[[ Information given, beginning ]]
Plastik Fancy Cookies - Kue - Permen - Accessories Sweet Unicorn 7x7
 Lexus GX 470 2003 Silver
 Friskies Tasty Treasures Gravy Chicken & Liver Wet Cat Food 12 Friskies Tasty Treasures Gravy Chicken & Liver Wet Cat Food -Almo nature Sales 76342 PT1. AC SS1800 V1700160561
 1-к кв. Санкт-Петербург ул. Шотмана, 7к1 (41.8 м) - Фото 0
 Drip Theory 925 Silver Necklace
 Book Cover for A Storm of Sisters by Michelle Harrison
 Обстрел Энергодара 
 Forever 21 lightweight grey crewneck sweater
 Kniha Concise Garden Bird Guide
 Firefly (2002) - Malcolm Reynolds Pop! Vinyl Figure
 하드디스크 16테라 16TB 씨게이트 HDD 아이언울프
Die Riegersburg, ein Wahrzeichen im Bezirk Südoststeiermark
[[ Information given, end ]]
Transcribe the material above. Change nothing in it.

■ **Solution for this task**:
Plastik Fancy Cookies - Kue - Permen - Accessories Sweet Unicorn 7x7
 Lexus GX 470 2003 Silver
 Friskies Tasty Treasures Gravy Chicken & Liver Wet Cat Food 12 Friskies Tasty Treasures Gravy Chicken & Liver Wet Cat Food -Almo nature Sales 76342 PT1. AC SS1800 V1700160561
 1-к кв. Санкт-Петербург ул. Шотмана, 7к1 (41.8 м) - Фото 0
 Drip Theory 925 Silver Necklace
 Book Cover for A Storm of Sisters by Michelle Harrison
 Обстрел Энергодара 
 Forever 21 lightweight grey crewneck sweater
 Kniha Concise Garden Bird Guide
 Firefly (2002) - Malcolm Reynolds Pop! Vinyl Figure
 하드디스크 16테라 16TB 씨게이트 HDD 아이언울프
Die Riegersburg, ein Wahrzeichen im Bezirk Südoststeiermark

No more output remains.